En l’absence de législation cantonale particulière, le code des obligations fait référence en matière de bail à loyer. Or, il n’induit pas de contrôle des loyers. Par conséquent, dans le cadre d’une démolition et reconstruction, le propriétaire pourra profiter pleinement de la réserve constructible, mais également de la réserve locative. Cet élément peut s’avérer décisif dans cette volonté de densification.
### Quels sont les freins à l’accélération du mouvement?

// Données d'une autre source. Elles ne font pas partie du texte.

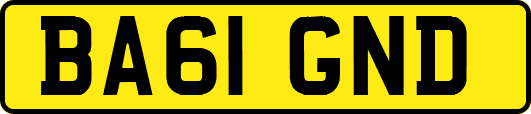 BA61GND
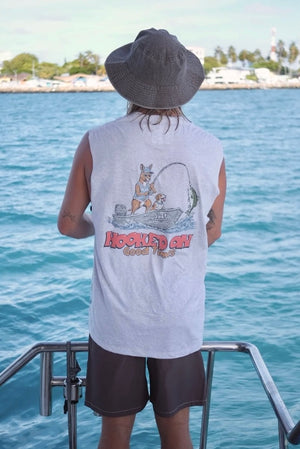 HOOKED ON GOOD TIMES TANK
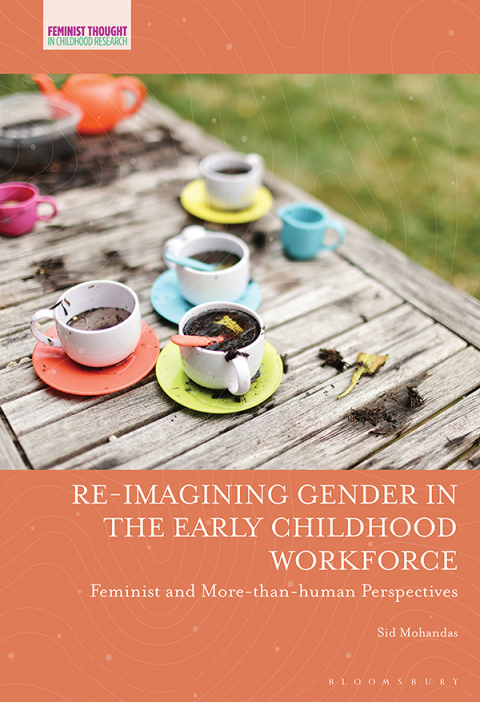 Cover image for book Re-imagining Gender in the Early Childhood Workforce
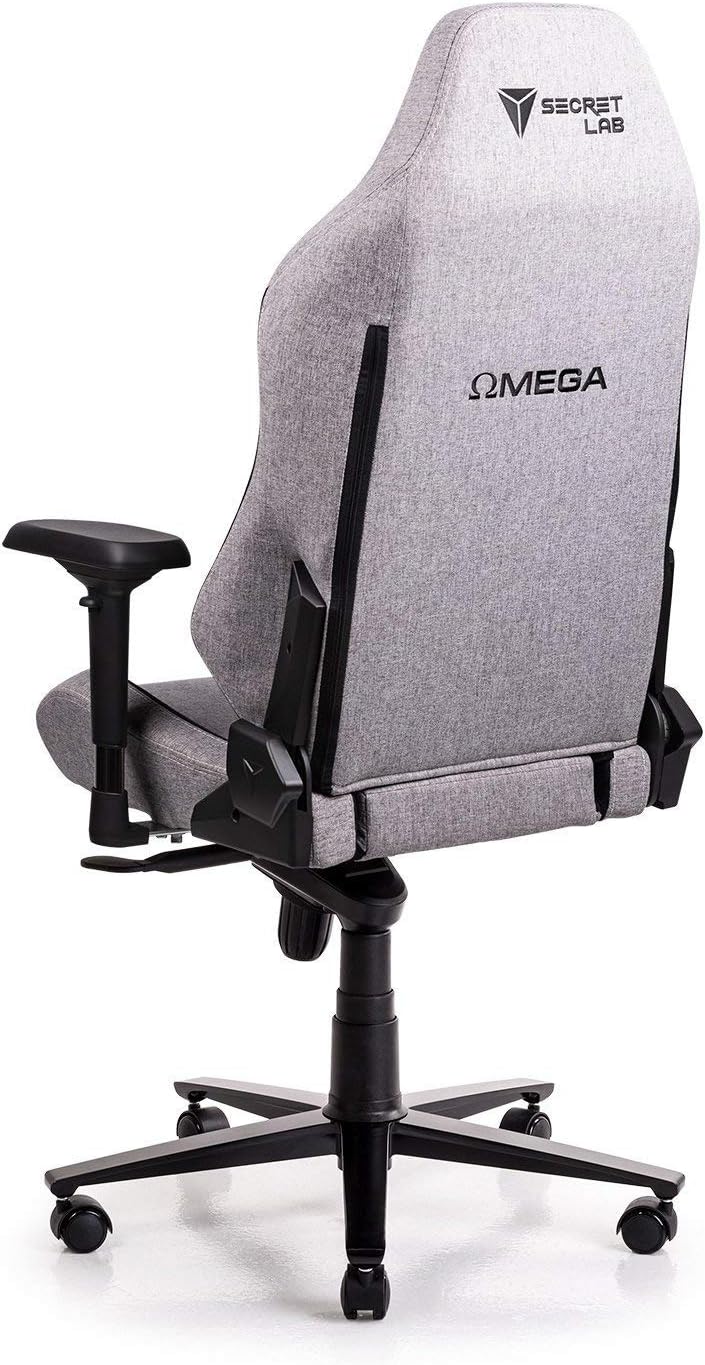 Secrthtetlab Omega 2018 Soft Fabric Chair for Cookie and Cream Games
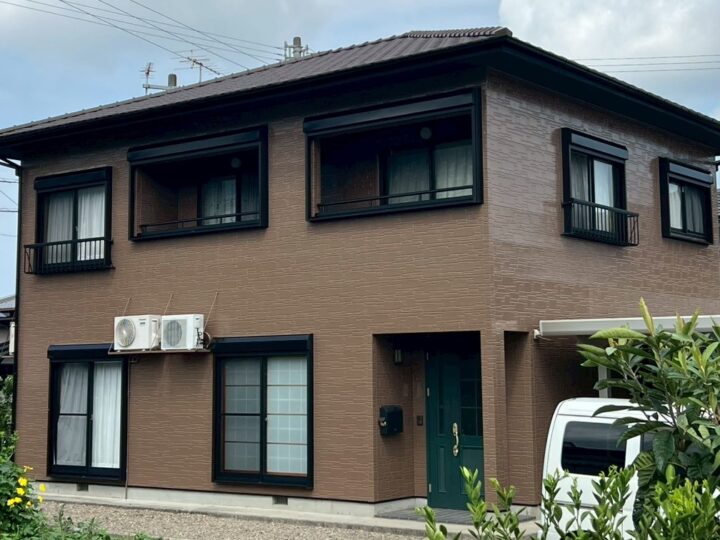 【愛媛県四国中央市】A様邸 外壁塗装工事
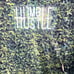 Hustle LED Neon Sign for Wall Decor, Words LED Neon Lights Party Decorations,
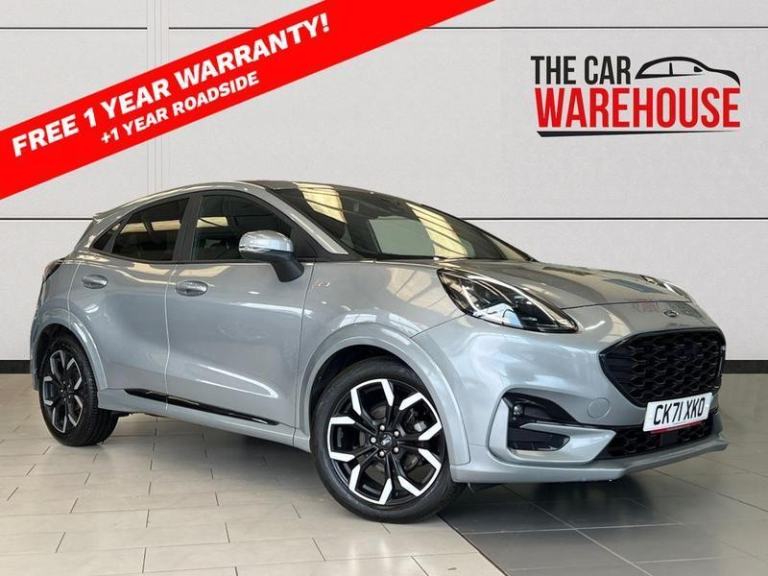 2022 Ford Puma 1.0 EcoBoost Hybrid mHEV ST-Line X 5dr Manual Hatchback Petrol Ma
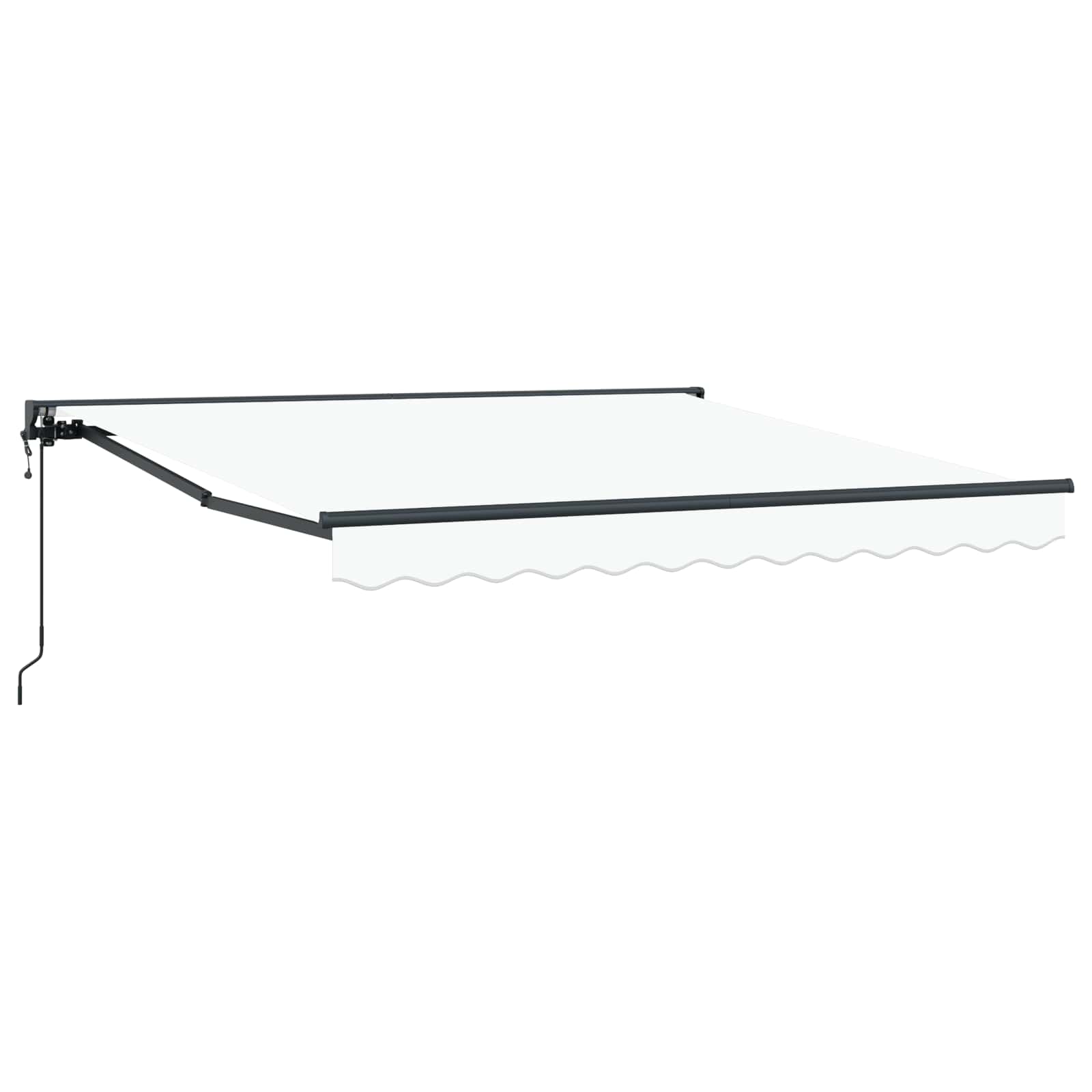 Struttura della tenda Bianco 350 x 250 cm | homemem39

Une analyse du marché permet de constater que la production issue de la densification est globalement plus chronophage que les nouvelles constructions. En effet, les travaux en milieu urbain entraînent des nuisances pour les riverains, qui peuvent être tant visuelles, sonores que d’accessibilité. Par conséquent, les exigences en matière d’études préalables ainsi que les oppositions s’avèrent importantes. Ces éléments conduisent à un allongement de la durée de planification. Les travaux d’assainissement et de surélévation peuvent par ailleurs être entravés par d’autres contraintes. Il peut s’agir d’aspects techniques, comme une résistance insuffisante de la structure porteuse du bâtiment existant ou encore d’aspects légaux, liés par exemple à l’aménagement du territoire ou à des servitudes contraignantes. La densification n’est alors possible que par une démolition-reconstruction.
### Ce débat influence également les loyers. Pourquoi la densification accélère-t-elle leur hausse?
Nous parlons bien de loyers de l’offre, soit les loyers soumis à la location, car l’évolution des loyers des logements au bénéfice d’un contrat de bail est, elle, orientée par les mécanismes législatifs. Les loyers de l’offre évoluent en fonction de la situation du marché, donc de l’équilibre entre l’offre et la demande. Pour répondre aux exigences de durabilité et aux enjeux sociétaux, la production future devrait s’orienter davantage dans la densification du tissu urbain. Si l’on prend l’exemple lémanique, avec une offre future nécessaire au dynamisme de la région qui se trouve entravée, dans les zones où il ne sera pas possible de densifier par l’intermédiaire d’une surélévation ou d’une extension, voire par manque de rentabilité d’une démolition-reconstruction, le rééquilibrage du marché devant alléger la pression sur les loyers ne pourra avoir lieu.
> Pour répondre aux exigences de durabilité et aux enjeux sociétaux, la production future devrait s’orienter davantage dans la densification du tissu urbain.
### Quelles pistes les communes doivent-elles explorer?
Outre le ciblage des quartiers les plus adaptés – où l’offre en transport public par exemple est bonne – une des possibilités existantes pour les communes visant à pallier cette rentabilité insuffisante dans le cas des démolitions-reconstructions reviendrait à offrir davantage de possibilités de densification. Les logements supplémentaires issus de la densification n’entrent pas dans le contrôle des loyers, ce qui peut constituer, pour le propriétaire, un incitatif financier à densifier. Ceci tout en limitant l’effet de la hausse sur les loyers des appartements existants.